The goal of a Y/DSA political education and reading group should be to familiarize Y/DSAers and other members of the working class with socialist theory. We need to be informed of the past to know how to build beyond it. But familiarity does not require expertise. Political education and reading groups are vital tools to make sure new members understand what socialism is and how Y/DSA is building it.

But people need to actually attend a reading group to learn any of that. When reading Marx, Engels, Lenin, or almost any other non-contemporary Marxist, it is too easy to get caught up in specifics. Reading Marx and Engels requires the reader to be familiar with Hegelian philosophy — something the average working person has not even heard of — and reading Lenin requires a passing familiarity with the politics of the Second International and the Russian Social Democratic Labour Party. Our goals are attendance and engagement, and while it is not elitist to read Marx, it is not particularly useful either.

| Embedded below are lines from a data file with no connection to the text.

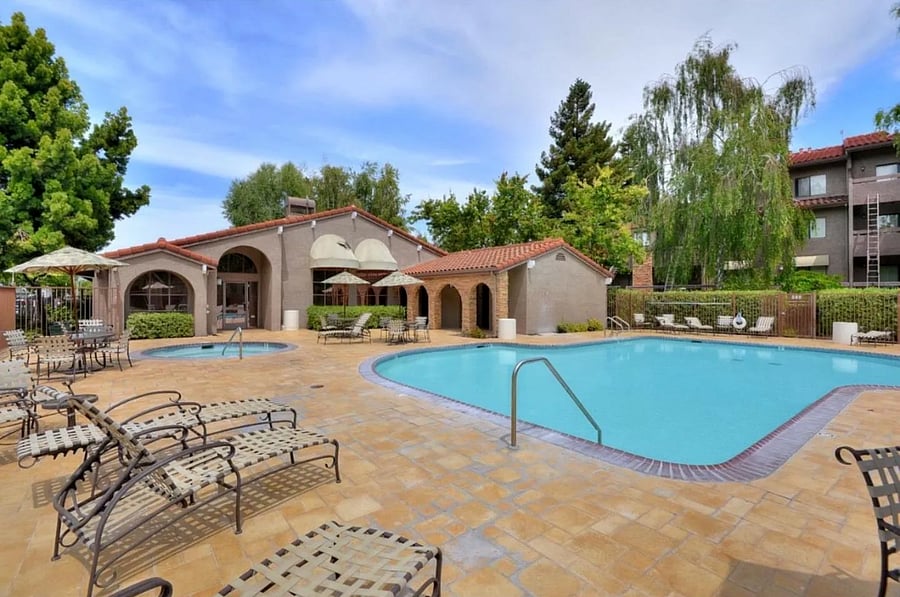 Pool and hot tub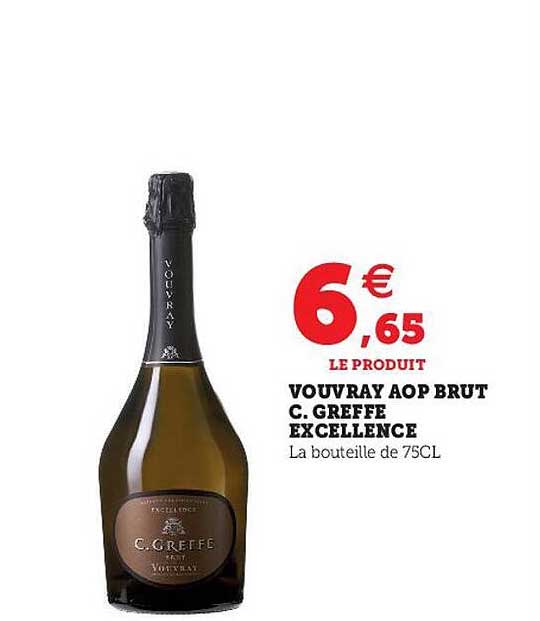 vouvray aop brut c. greffe excellence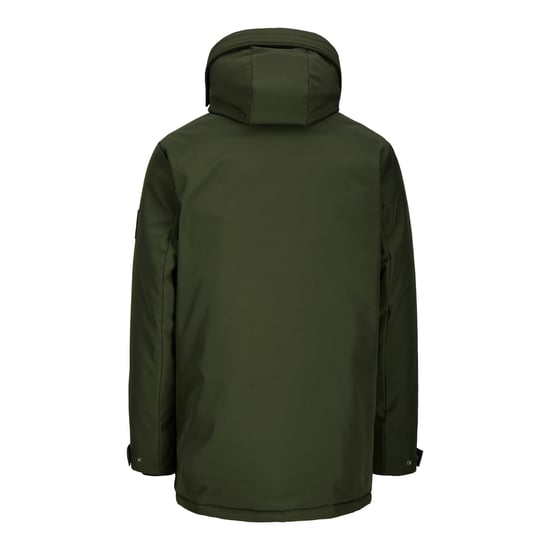 Jack & Jones Finn Softshell Parka Grun - Image 2
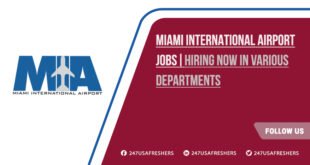 Miami International Airport Jobs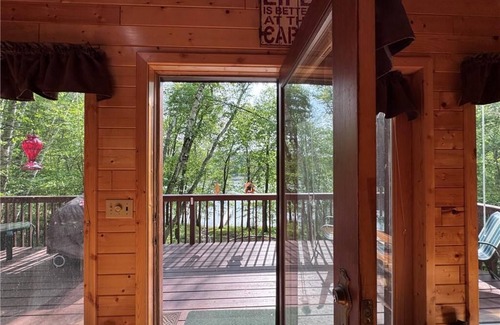 Brill Cabin | Log cabin on the lake. Perfect for fishing. Next to 4 ATV trails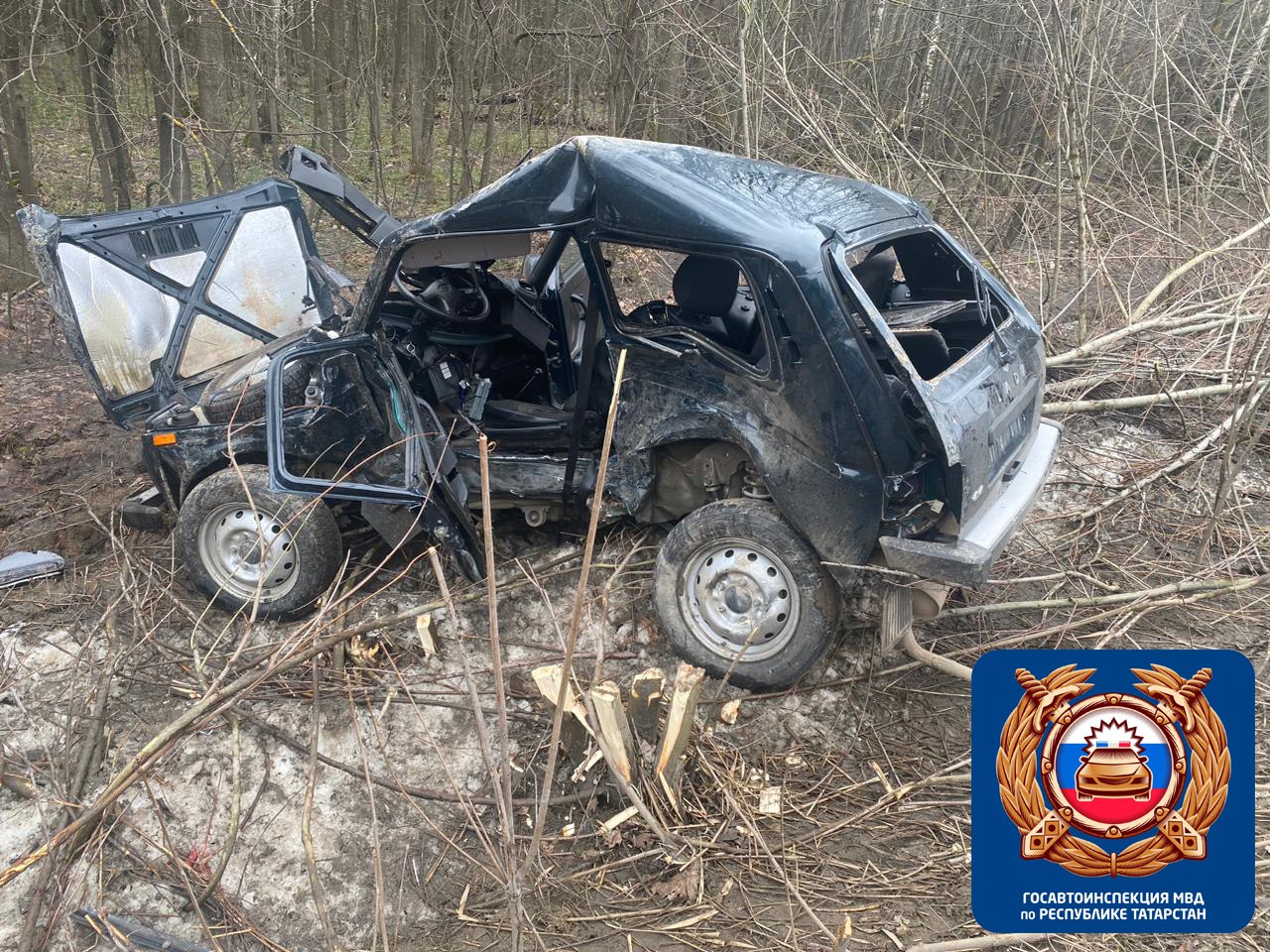 Два человека погибли по дороге из Йошкар-Олы в Зеленодольск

In the preface to the 1872 second edition of The Communist Manifesto, Marx and Engels reflect on their most famous document and come to see it as something closer to a historical document and that they felt that they should have written a completely new one given the tidal wave of events that had occurred since its first publication in February 1848.

Despite David Harvey’s insistence (and he’s correct about this) that Das Kapital is a living document, the fact remains that for most it is a historical tome that requires a herculean effort to read. If Y/DSA reading groups are meant to introduce working-class people to socialist theory, then I suggest we listen to Marx in one of the many prefaces he wrote to Das Kapital. Responding to a suggestion to split the book up into several smaller chapters, he wrote: “In this form the book will be more accessible to the working class, a consideration which to me outweighs everything else.”

Marx wrote for the nineteenth-century reader. That does not mean he is wrong — the opposite is true — but the way we learn has changed and we must be willing to change with it. In the French preface, Marx uses the expression “…but here is the reverse of the medal” which, although readily apparent in context, requires more thought from the reader than a more modern phrase. This is not the fault of Marx, he admitted “[t]hat [it] is a disadvantage I am powerless to overcome,” when explaining why he could not allow Das Kapital to be published in a worker-friendly format. Marx is simply not meant for the average twenty-first century reader and we cannot build our political education around texts that are not easily accessible to those who are tired from a 40-plus-hour work week. We must make Y/DSA political education accessible to the working class!

What is to be done? Y/DSA organizers must accept that organizing a reading group is a much bigger challenge than just assigning texts. It requires a thorough pedagogical organization with specific learning goals baked into every meeting. Organizing a Y/DSA political education group requires hard work and there are few examples of its success, but we must treat political education as a critical part of the national Y/DSA platform and make reading groups as accessible as possible if we ever hope to challenge capitalist hegemony.

We do not need reading groups but political education groups. We do not just need organizers but teachers to lead discussions and provide the class with direction. Many readers will resent the “tyranny” that a teacher must necessarily bring to the classroom, but for a group to have any direction there must be some kind of leadership. We also need shorter and easier assigned readings like Why Marx Was Right by Terry Eagleton or The ABCs of Capitalism by Jacobin (available for free here). 

But the right books are not enough; they must also be broken down into smaller sections and include videos and short articles to ensure that even if someone did not read the text there are other, less time-consuming ways for them to participate. Actual political education groups should include lectures and films to ensure that everyone present can take away the basic information, even if they will miss some of the finer points.

That is the important reality of Y/DSA reading groups. When we trade Marx for a modern retelling, we are losing detail but gaining a mass of people who can articulate the basic points of socialist theory in opposition to the overwhelming “capitalist realism” we live under. They will not be experts but, sometimes, it is okay to not be an expert.